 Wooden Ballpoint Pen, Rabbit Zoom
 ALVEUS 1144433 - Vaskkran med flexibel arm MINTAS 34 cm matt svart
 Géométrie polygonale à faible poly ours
---
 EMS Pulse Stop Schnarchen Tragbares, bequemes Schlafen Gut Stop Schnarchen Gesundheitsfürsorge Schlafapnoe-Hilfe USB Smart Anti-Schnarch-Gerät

**Exercise prompt**
Above are the records. Copy the lines beginning at the one that has "Wooden Ballpoint Pen, Rabbit Zoom" and ending with the one that has "Géométrie polygonale à faible poly ours", unchanged.

**Solved problem**
 Wooden Ballpoint Pen, Rabbit Zoom
 ALVEUS 1144433 - Vaskkran med flexibel arm MINTAS 34 cm matt svart
 Géométrie polygonale à faible poly ours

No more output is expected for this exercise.